Embora o MFS 2020 tenha impressionado com o uso de fotogrametria baseada em dados de satélite e cenários auto-gerados, o MFS 2024 aposta exclusivamente no streaming de dados em tempo real. Os dados de cenários, como edifícios, montanhas, e animações, demoram a carregar, especialmente em áreas complexas. O visual realista prometido é frequentemente comprometido por uma transmissão lenta, resultando em texturas desfocadas, pop-ins de objetos, e uma experiência gráfica inconsistente. Para cenários mais densos ou movimentados, o simulador transforma-se num verdadeiro desafio técnico, prejudicando a imersão que é essencial num simulador deste tipo.
Em teoria, o jogo deveria ir ficando melhor, nesta componente gráfica, com o facto de, se voarmos mais ou menos sempre no mesmo local, como tentei fazer em Portugal, este streaming vai sendo gravado em disco. Nota-se alguma melhoria depois de algum tempo, é verdade, especialmente nos aeroportos e nas áreas mais despovoadas, o que quer dizer que esta ideia e técnica até tinham pernas para andar, mas foram mal executadas.

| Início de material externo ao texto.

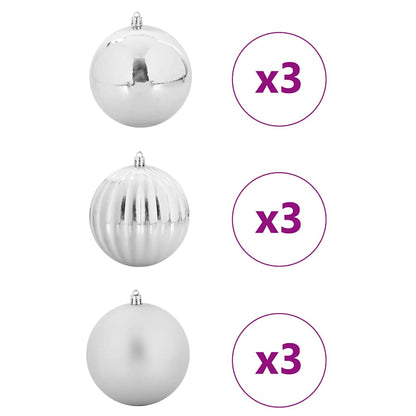 Julkulor Set XL 9 st Silver Ø 15 cm Plast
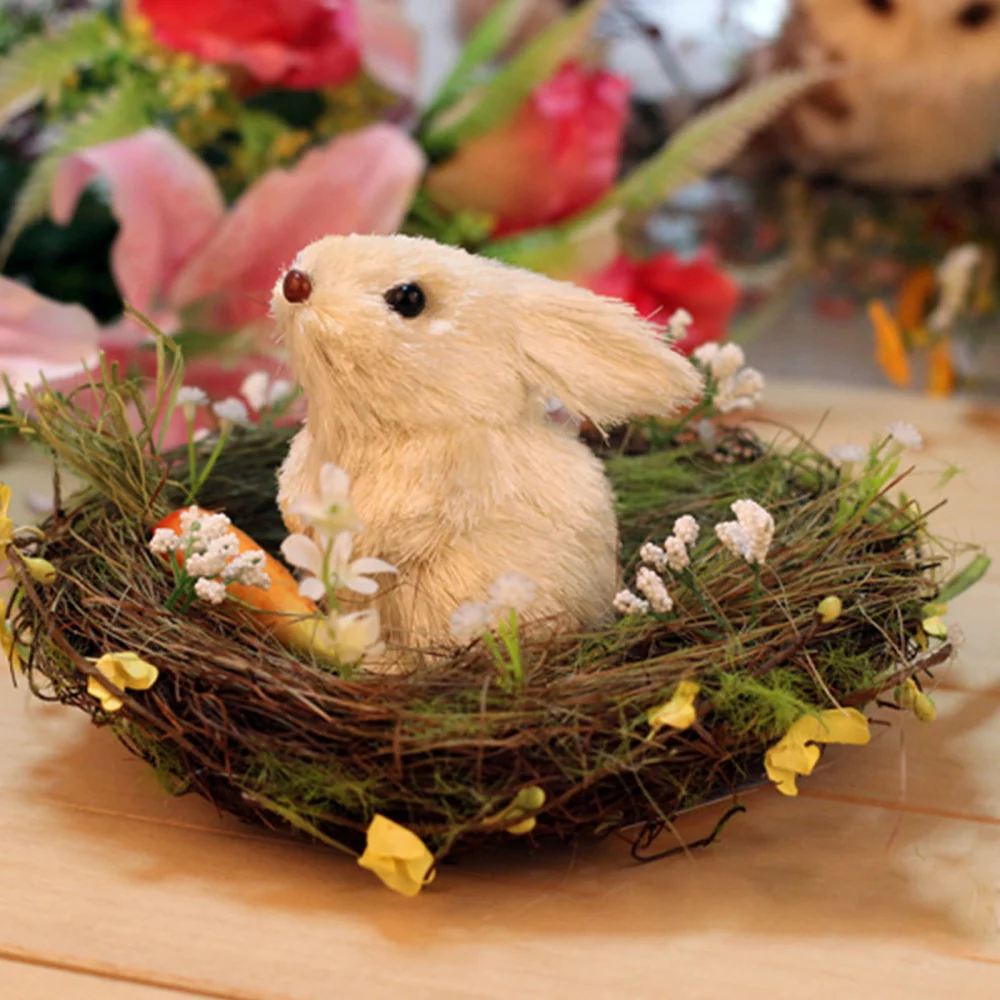 Rabbit Nest Decoration Straw Easter Bunny Sisal Garden Ornament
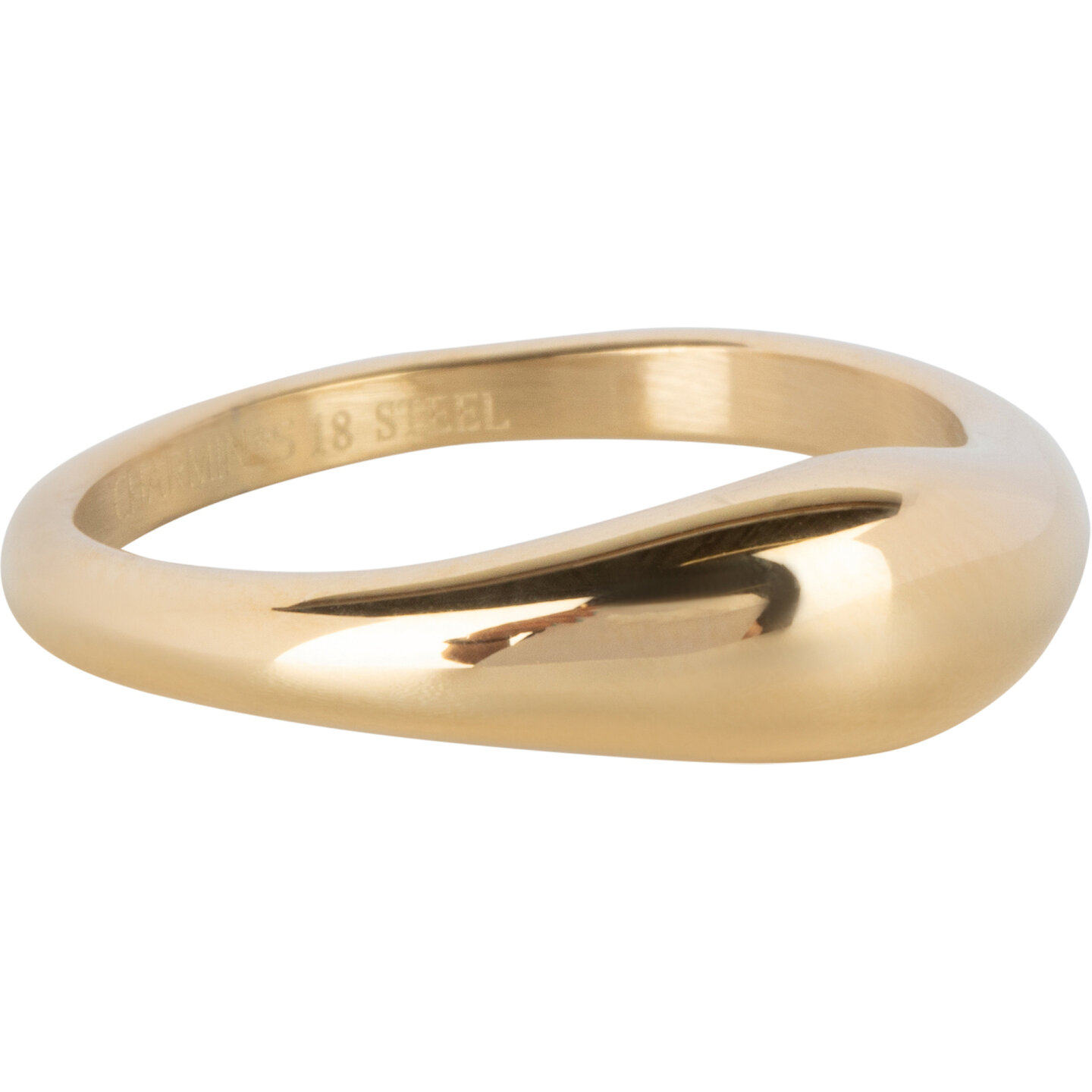 Charmin's Gold-colored Modern Asymmetrical Signet Ring Oval Steel R1369
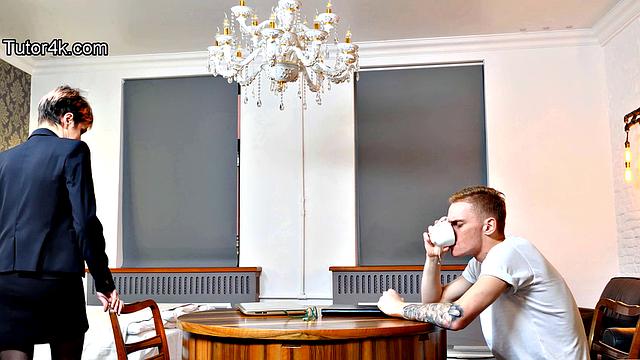 TUTOR4K. Happy guy finally achieved his ambition to fuck literature tutor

É que depois quando passam para outro local vão perceber que volta tudo ao “cartão amachucado”, com os tempos de loading a aumentarem logo, e a nossa Xbox Series X a entrar em overdrive para voltar a tentar gerar todas as texturas do zero.

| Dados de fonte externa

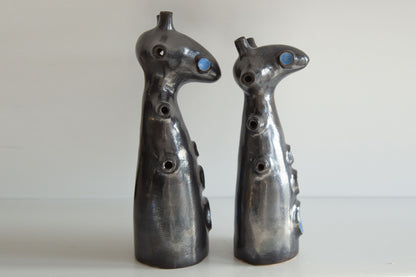 Ceramic abstract sculptures, whimsical decor statues in primitive naive folk art style, gift for couples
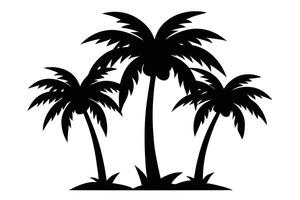 Three Palm Trees Silhouette with Transparent Background Tropical Summer Icon vector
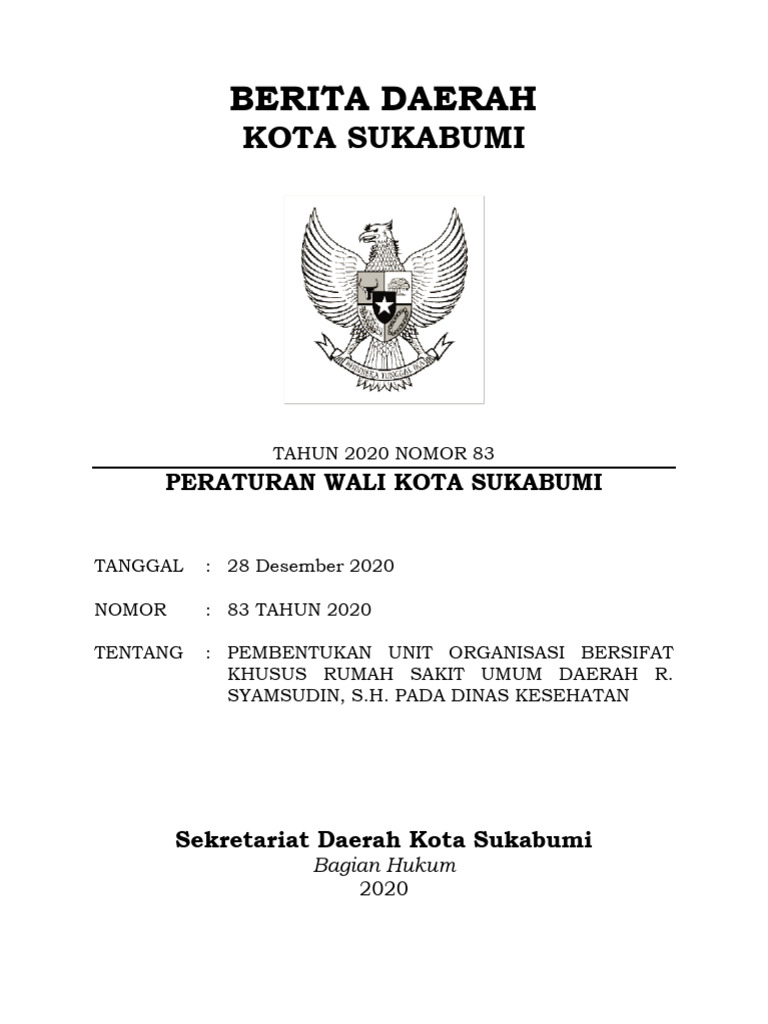 Pembentukan UOBK RSUD R. Syamsudin | PDF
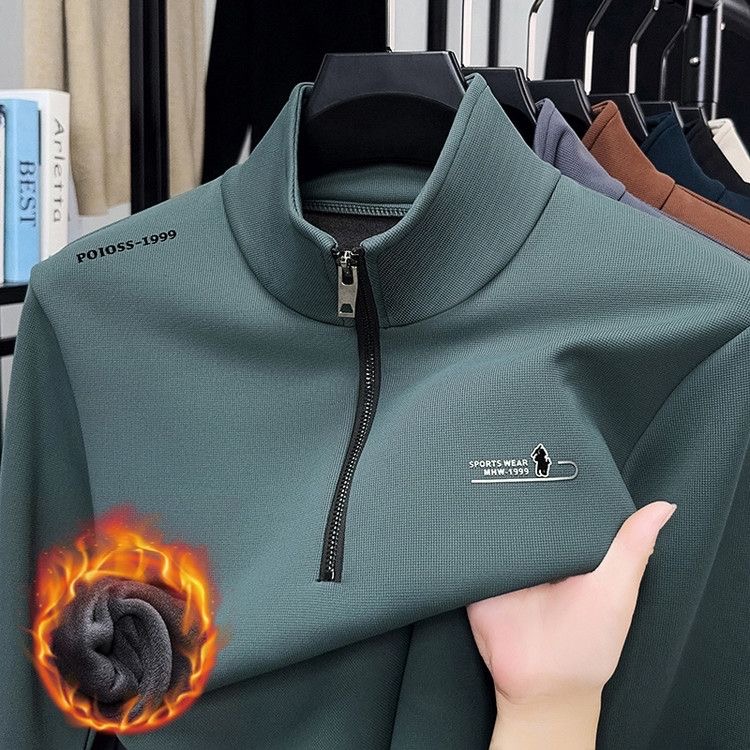 OLOEY 5A New Designer Sweatshirt Thickened Men's Half Zipper Hoodie for Autumn and Winter Casual Warmth, New High Collar Long Sleeve self-cultiva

Para além disso, várias aeronaves exibem problemas graves de lógica nos sistemas e nos controlos do cockpit, com velocímetros a apresentarem leituras incorretas, flaps a causarem erros de velocidade mesmo quando usados dentro dos parâmetros definidos, ou o GPS de bordo completamente desorientado, mostrando rotas erradas ou mesmo inutilizáveis.
Mas nem tudo é mau, existe, felizmente o outro prato da balança para tentar equilibrar esta tragédia de lançamento. E devo confessar que me parece mesmo um problema de estratégia de lançamento e de teste exaustivo da capacidade dos servidores Azure e da sua resposta para o desafio que a Asobo Studio lhes quis colocar. E basta olhar para o modo Liga de Desafios para perceber isso mesmo. É que como este modo tem localizações, aviões ou helicópteros pré-definidos, a zona de acção dos mesmos é circunscrita a onde o desafio acontece, tudo melhora substancialmente. A qualidade gráfica sobe drasticamente, com isso, o sentimento de imersão, a satisfação aparece e há verdadeiros momentos de percebermos a visão da Asobo Studio e daquilo que é capaz de fazer. De facto, aí o jogo parece ser outro e aquilo que os fãs tanto queriam ver, mas o problema é ainda, e reforço aqui o ainda, essa qualidade não é espelhada nos restantes elementos do jogo.
De realçar ainda que o simulador melhora significativamente o seu ambiente virtual, com um aumento de 4.000 vezes nos detalhes. Entre as melhorias, estão texturas terrestres 3D realistas, efeitos atmosféricos avançados, clima dinâmico e uma variedade de personagens humanos e vida selvagem, que neste momento, mais facilmente verificamos na Liga de Desafios. O jogo introduz uma simulação realista de “corpos flexíveis” para balões de ar quente, que reagem às mudanças de calor. Além disso, sistemas de paraquedas são implementados para aeronaves como o Cirrus Vision Jet, aumentando ainda mais a imersão na experiência de voo. Podem contar ainda com uma vasta gama de sistemas aeronáuticos altamente detalhados, incluindo planeamento de voos e atividades pré-voo incorporadas diretamente no jogo. Também contará com dispositivos avançados para as diversas aeronaves comerciais, desenvolvidos com contribuições significativas da comunidade para elevar a experiência geral de voo.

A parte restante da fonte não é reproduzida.